If you have followed the financial sector at all in your life-u see a recurring theme. Banks, brokers, insurance companies make good money quarter after quarter, and then in one or two quarters lose very large amounts of money-sometimes losing all they made in many years! Some of them gone under in one quarter alone. This is was explained very clearly by Taleb in his book-Fooled by randomness.

The crisis in financial markets since last summer has shows this so nicely, AGAIN. Socgen, Wall Street brokers, Citibank, UBS, CFC---u name it, each has contributed it's massive fat share to the financial sector losses in the world. Banks seemingly disconnected to subprime crisis in the US--banks in Japan, China, and India-have lost money on a financial crisis supposedly started by dislocations in the US subprime market.

That is a good/logical explanation, but I dont think that it is the right explanation.

Anytime you see a steady payoff period after period, and then a big loss in one period-it reminds you of the profit/loss profile of an options seller. The options seller is short volatility---makes small amounts of money for long periods of time, and then has big losses sometimes. Financial sector earnings are the same.

What happens is that markets become used to low volatility-smaller and smaller swings in asset prices. To get the same returns then, if you are a market maker at a bank or a broker-you have to leverage more. Or you take more liquidity risk, credit risk, etc-which deceptively looks cheaper to take! The classic Taleb's turkey-the turkey gets more and more confident as it is fed more and more-and it's confidence is at it's highest just before Thanksgiving day.

Lower volatility is the norm-but one wants to be prepared for the black swan of high volatility out there! The only way to do this is to control leverage-a fixed percent of equity-and be very mindful of other risks-liquidity risk, and credit/default risk the two important ones.

The subprime crisis is just an excuse for a period of high volatility. It is hard to prove that it is THE REASON for higher volatility. Any asset price going down can be attributed to high volatility (bursting the internet bubble, russian default, mexican peso crisis)-but if you have an options seller's profile in your overall portfolio-you will lose big when volatility suddenly spikes. The reason is not known, not is it important. The risk demons you have in your portfolio-of liquidity risk and credit risk-come to bite you hard when volatility shoots up. Bids disappear, bid/ask spreads widen, it becomes impossible to sell or buy in size.
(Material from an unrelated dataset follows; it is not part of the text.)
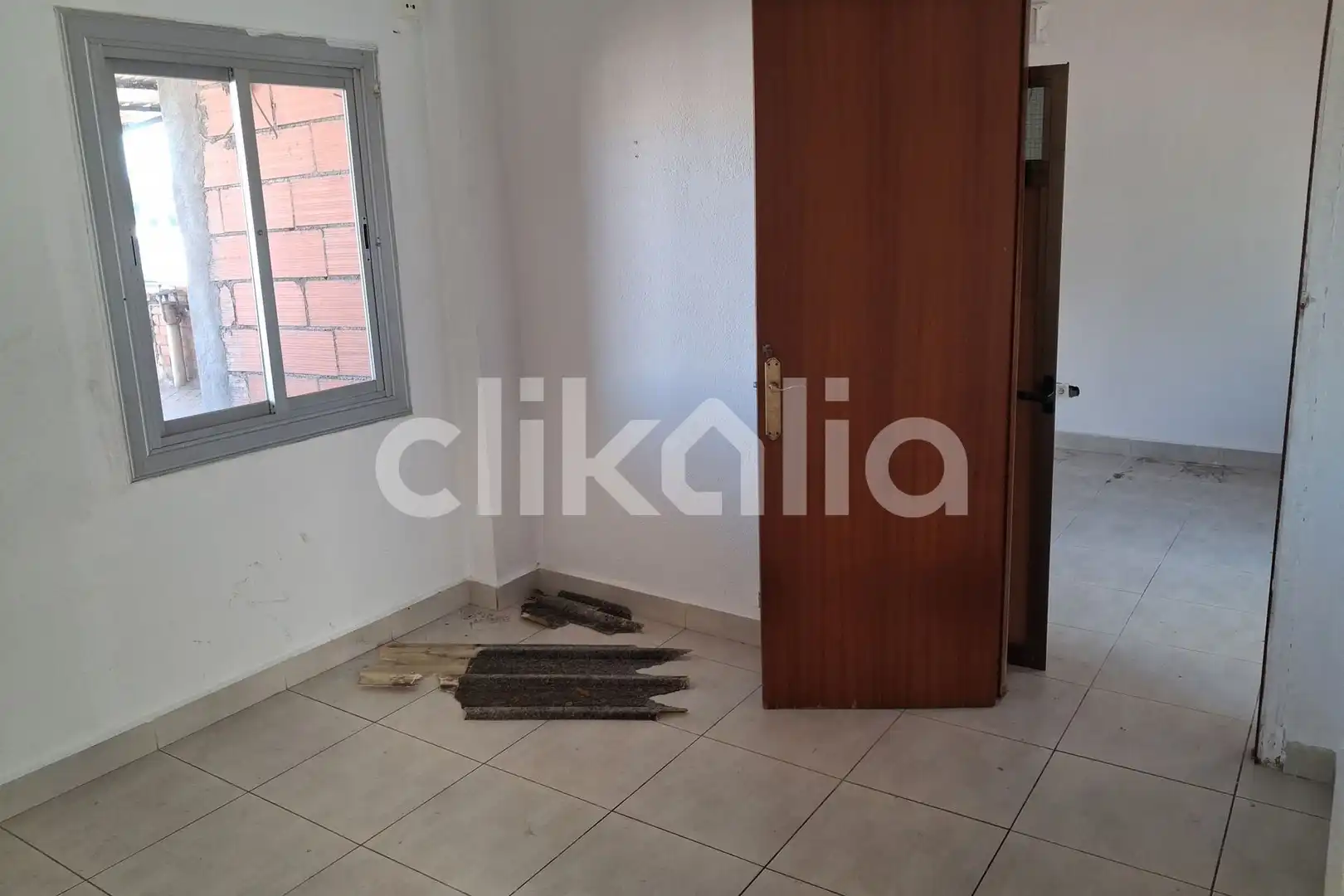 Schlafzimmer von Einfamilien-Reihenhaus zum Verkauf in Sabadell mit Terrasse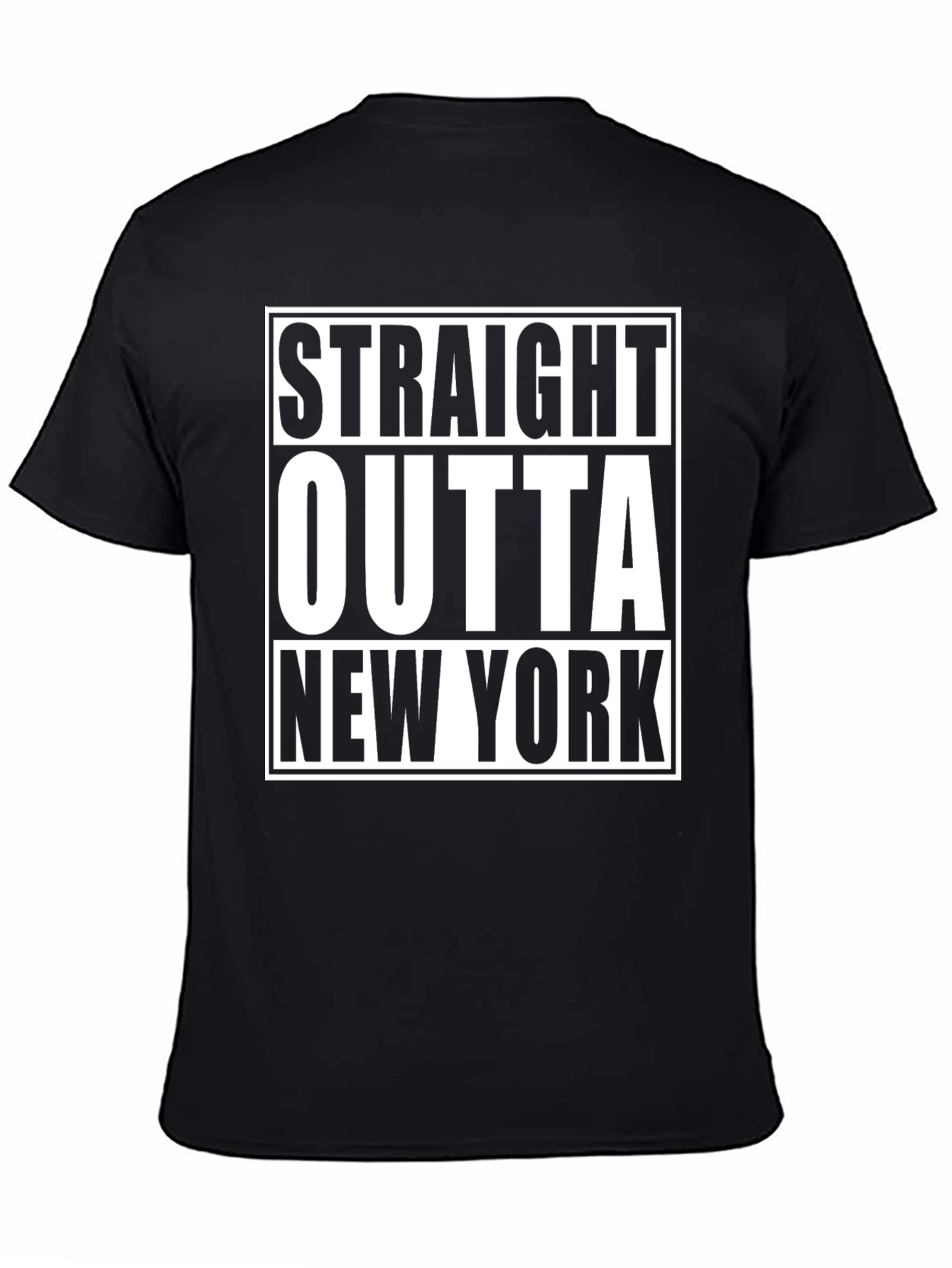Straight Outta New York Graphic Tee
In a few years when all this "crisis" wouldve passed-the press will find another reason for the next crisis. Surely it will happen after a period of low volatility, goldilocks scenario-as we saw in the beginning of 2006.

It is very insightful of Taleb to write about this-he reminds us of banks and brokers losing everything they make in many years in a bad quarter, and this seems to happen with remarkable periodicity! Jim Rogers was also shorting financials in 2006---what a great call by these guys!

Will such a massive collapse in the financials finally wake up people to realize that the financial sector in the US is an overpaid lot---the salaries of many of these funky managers need to come down quite a bit? Will the returns going forward in the financial sector lag the market? Only time will tell. But at least this should serve as a big wake up call to all investors in the financial sector.